In addition, after entering the third wave of AI, AI focuses on integrating the environment into the model, and its potential to impact synthetic biology has greatly increased.

It is well known that the genotype of an organism is not so much a blueprint for its phenotype but rather the initial conditions of a complex, interconnected, dynamic system. Biologists have spent decades constructing and managing a large set of properties—regulations, correlations, rates of change, and function—that describe this complex, dynamic system. Other resources such as gene networks, known functional associations, protein-protein interactions, protein-metabolite interactions, and knowledge-driven dynamic models of transcription, translation, and interactions provide rich resources for artificial intelligence models.

Model interpretability is also critical for uncovering new design principles. These models give biologists the ability to solve more complex questions about biological systems and build comprehensive, interpretable models to accelerate discovery and research. The growth in knowledge and resources in the field is evident in the number of synthetic biology publications and the commercial opportunities in synthetic biology.

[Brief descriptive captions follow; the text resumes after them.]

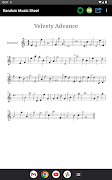 برنامه‌نما Random Music Sheet عکس از صفحه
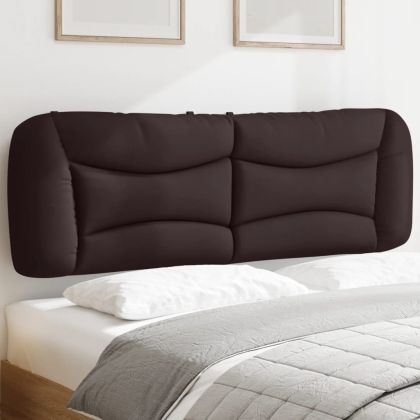 Мека табла за легло, тъмнокафява, 160 см, плат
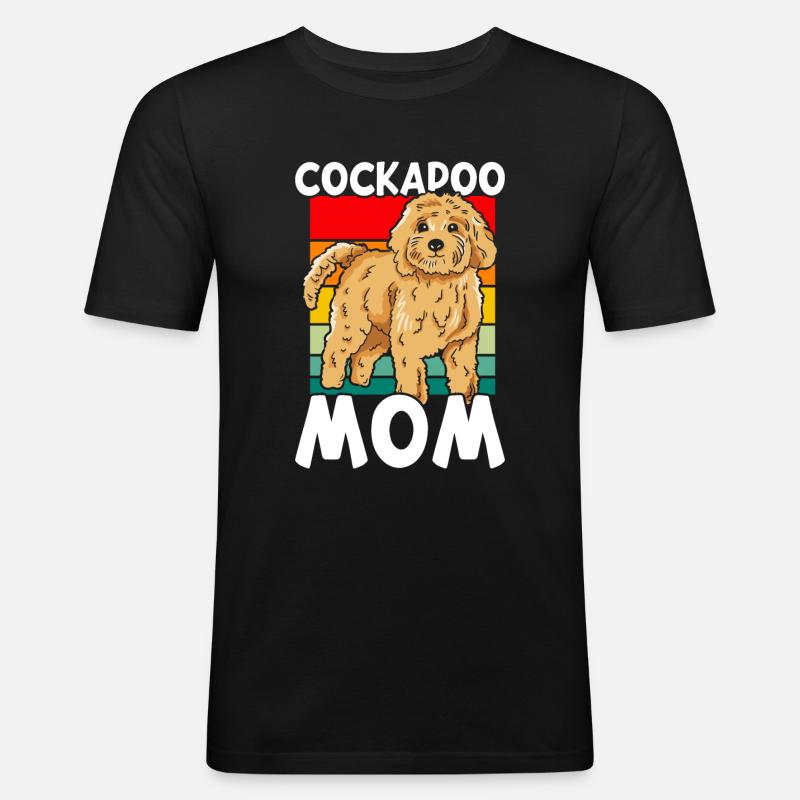 Cockapoo Hund - Männer Slim Fit T-Shirt - Schwarz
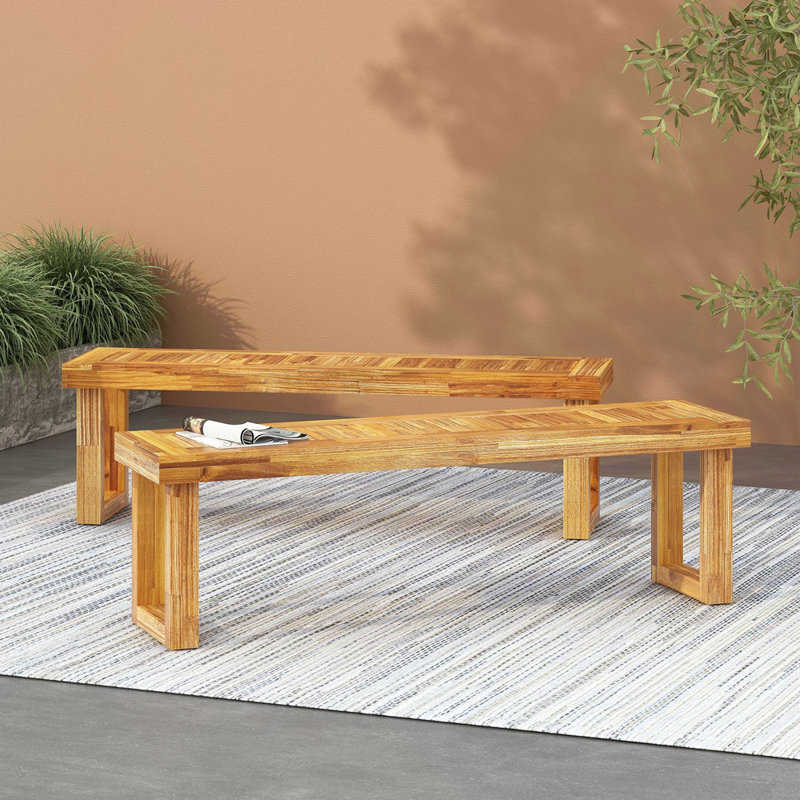 Ensemble de 2 bancs Nestor, naturel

◆AI and its impact on synthetic biology

Compared with the potential of AI in the field of synthetic biology, its impact in the field of synthetic biology is limited.

We have seen successful applications of AI, but it is still limited to specific data sets and research questions. The current challenge for AI in the field remains how general it is to a wider range of applications and other data sets.

Data mining, statistics, and mechanistic modeling are currently the main drivers of computational biology and bioinformatics in the field, but the boundaries between these techniques and artificial intelligence/machine learning are often blurred. For example, clustering is a data mining technique that can identify patterns and structures in gene expression data that can indicate whether engineering modifications lead to toxic outcomes in cells. These clustering techniques can also serve as unsupervised learning models to find structure in unlabeled data sets. These classic technologies and new AI/ML (machine learning) methods under development will play a greater role and impact in the field of synthetic biology in the future, because by then people will become accustomed to larger data sets. Transcriptome data volume is doubling every 7 months, and high-throughput workflows for proteomics and metabolomics are increasingly available.

In addition, the progressive automation and miniaturization of microfluidic chips for laboratory work indicates that data processing and analysis will double the productivity of synthetic biology in the future. DARPA’s Collaborative Discovery and Design (SD2, 2018–2021) program focuses on building artificial intelligence models and aims to bridge the gap between AI and synthetic biology needs. This is also evident in some companies adopting SoTA technology in this field (such as Amyris, Zymergen or Ginkgo Bioworks).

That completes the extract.